Dramatic decline of Caribbean coral reefs: Most corals may disappear within the next 20 years | Amazing Science |

With only about one-sixth of the original coral cover left, most Caribbean coral reefs may disappear in the next 20 years, primarily due to the loss of grazers in the region, according to the latest report by the Global Coral Reef Monitoring Network (GCRMN), the International Union for Conservation of Nature (IUCN) and the United Nations Environment Programme (UNEP).

The report, Status and Trends of Caribbean Coral Reefs: 1970-2012, is the most detailed and comprehensive study of its kind published to date – the result of the work of 90 experts over the course of three years. It contains the analysis of more than 35,000 surveys conducted at 90 Caribbean locations since 1970, including studies of corals, seaweeds, grazing sea urchins and fish.
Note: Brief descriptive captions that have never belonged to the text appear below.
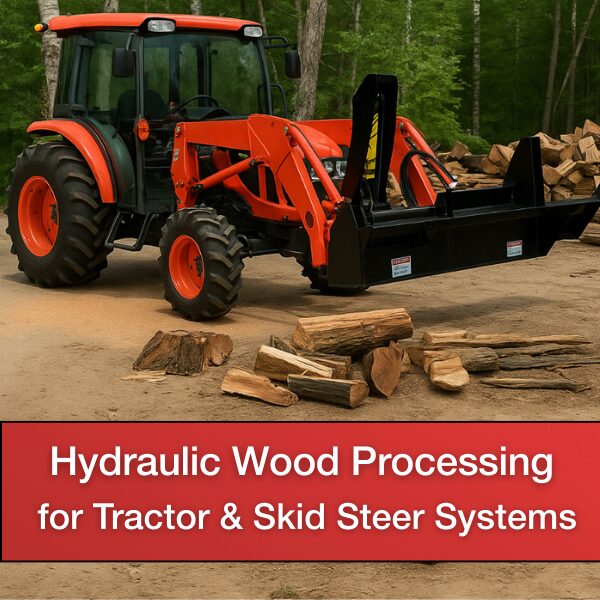 Featured tractor with a firewood processing attachment added, efficiently chopping wood.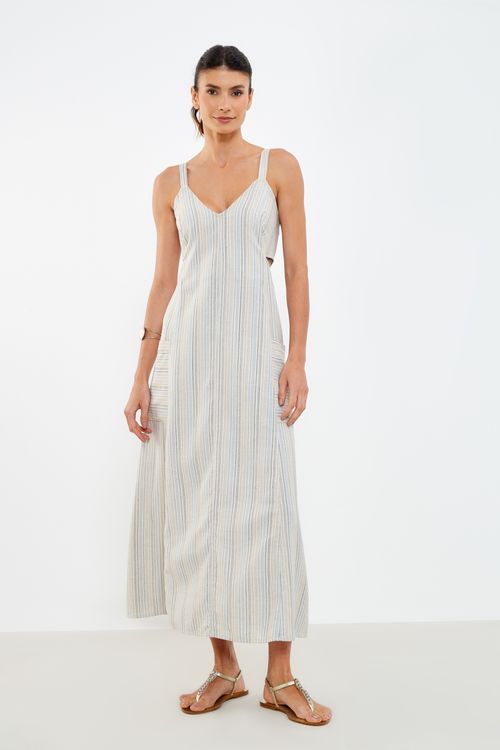 Vestido Midi Listrado - Listrado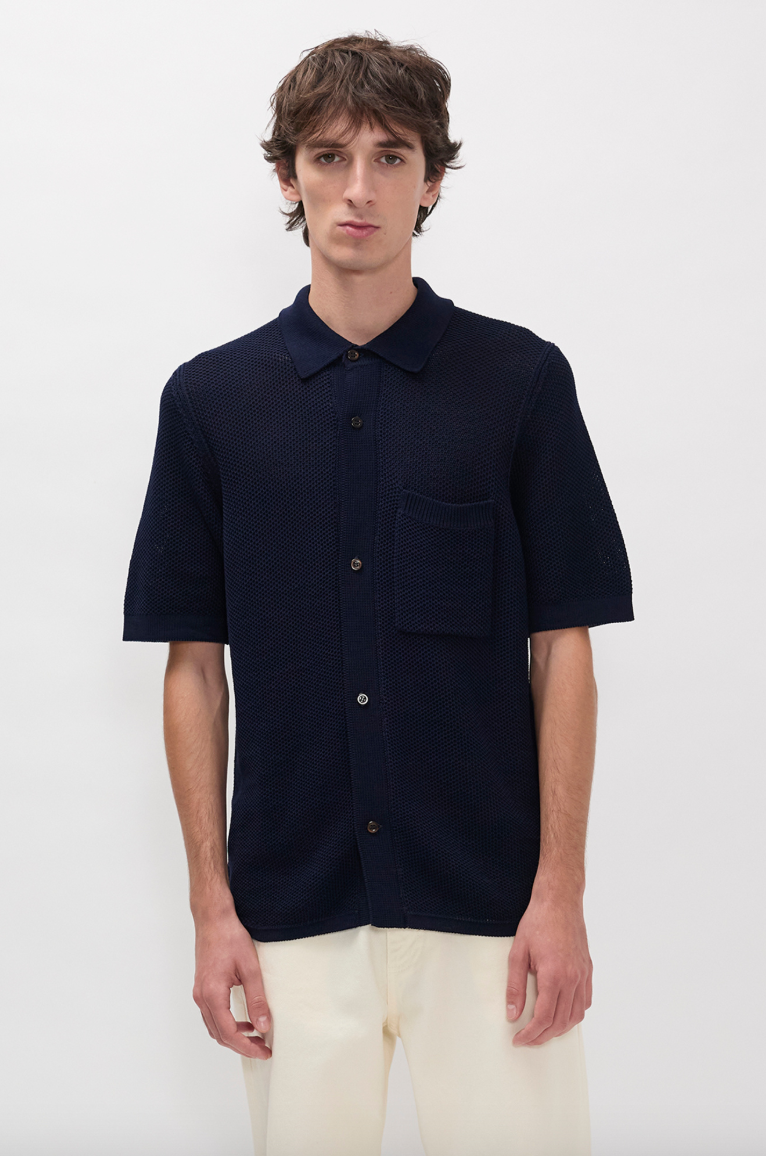 Fredensborg Mercerised Cotton Knitted Shirt - Dark Navy-Norse Projects-W2 Store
The results show that the Caribbean corals have declined by more than 50% since the 1970s. But according to the authors, restoring parrotfish populations and improving other management strategies, such as protection from overfishing and excessive coastal pollution, could help the reefs recover and make them more resilient to future climate change impacts.

“The rate at which the Caribbean corals have been declining is truly alarming,” says Carl Gustaf Lundin, Director of IUCN’s Global Marine and Polar Programme. “But this study brings some very encouraging news: the fate of Caribbean corals is not beyond our control and there are some very concrete steps that we can take to help them recover.”

Climate change has long been thought to be the main culprit in coral degradation. While it does pose a serious threat by making oceans more acidic and causing coral bleaching, the report shows that the loss of parrotfish and sea urchin – the area’s two main grazers – has, in fact, been the key driver of coral decline in the region. An unidentified disease led to a mass mortality of the sea urchin in 1983 and extreme fishing throughout the 20th century has brought the parrotfish population to the brink of extinction in some regions. The loss of these species breaks the delicate balance of coral ecosystems and allows algae, on which they feed, to smother the reefs.

Peter Phillips's curator insight, July 2, 2014 6:27 PM

Scientists have identified the loss of grazers (parrot fish and sea urchins) as the main reason behind the decline in reef health in the Caribbean. The disruption to the reef ecosystem is now understood to be more important than climate change and ocean acidification to the resilience of coral reefs. Overfishing and a disease which affected sea urchins lead to algal growth which smothers coral.